Más allá de la muerte del joven –suceso trágico y lamentable que ciertamente ha fungido como un factor detonante del descontento–, las manifestaciones de malestar que hoy recorren las calles de Grecia reflejan un profundo malestar de la población joven en aquel país ante el sentir de desamparo y la falta de expectativas de desarrollo personal a las que se enfrentan. Como botón de muestra baste mencionar que aunque la tasa de desempleo global en esa nación asciende a 7.4 por ciento, estimaciones de la Organización para la Cooperación y el Desarrollo Económicos (OCDE) dan un nivel de desocupación de cerca de 22 por ciento entre los jóvenes de 15 a 24 años, es decir, el triple de la media nacional. Es con ese telón de fondo que se ha dado la irrupción de un movimiento particularmente joven –quienes protestan son en su mayoría adolescentes– como un nuevo actor colectivo en el ámbito de la sociedad helénica, que ha cobrado, en unos cuantos días, una notable relevancia política.
La población griega padece –es cierto– un elemento de irritación adicional en la clase política anquilosada, reaccionaria y corrupta que gobierna ese país, cuya indolencia se reflejó en las declaraciones realizadas ayer por el primer ministro Costas Caramanlis: “Grecia es un país seguro, que posee los medios, gracias a sus instituciones democráticas, para mantener la seguridad de la población”. En la circunstancia presente, por añadidura, las directrices en política económica de las autoridades griegas (aumento de impuestos, recortes de pensiones) agravan la de por sí complicada situación que enfrenta la sociedad en aquel país, y alimentan el descontento social.
Por lo demás, debe señalarse que este tipo de reacciones ponen en entredicho los supuestos efectos benéficos de la globalización económica y de un proceso de integración regional que, en el caso de Grecia, ha sido impuesto desde arriba y ha generado malestares profundos por cuanto golpea el tejido económico y social, deja a la población entera a merced de los vaivenes del mercado y minimiza las perspectivas de intervención estatal, incluso en momentos en que, como el actual, ésta resulta por demás necesaria. Grecia, con una deuda pública exorbitante, un déficit que rebasa el 15 por ciento de su producción nacional y una inflación galopante, es una de las economías más débiles de la Unión Europea y no está, por tanto, en condiciones de competir con las grandes potencias económicas que integran ese conglomerado de naciones.
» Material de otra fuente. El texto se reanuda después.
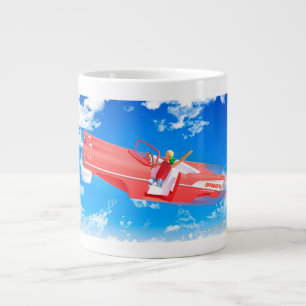Offroad 01 koffiemok extra grote beker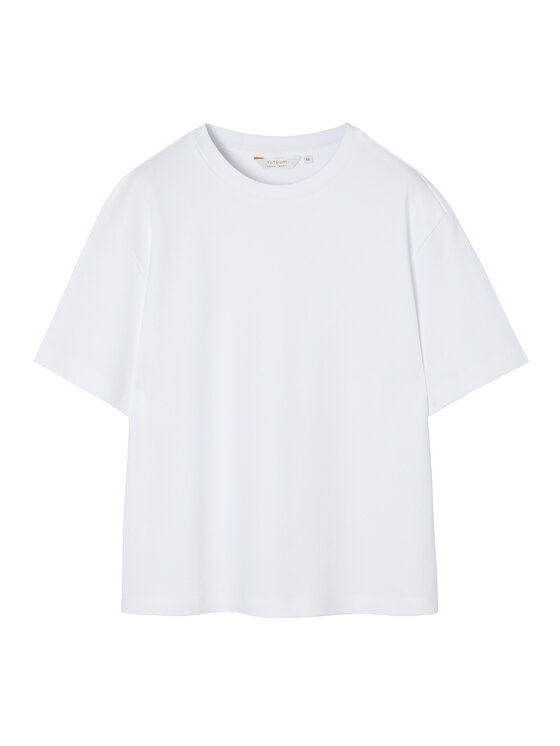 TATUUM TATUUM T-Shirt JOLA Bílá Classic Fit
Finalmente, lo que ocurre hoy ahí tendría que obligar a reflexionar a los gobiernos de los países europeos –y acaso a los de todo el mundo– en torno a la posible reproducción de ese tipo de escenarios de ingobernabilidad en otras naciones. Tal riesgo, en el caso de Europa, no está descartado y en el marco de la actual crisis financiera global, cuando el crecimiento del desempleo se erige, más que como una amenaza, como una realidad, lo extraño no es que ocurran este tipo de manifestaciones de inconformidad y descontento, sino que no se produzcan más a menudo.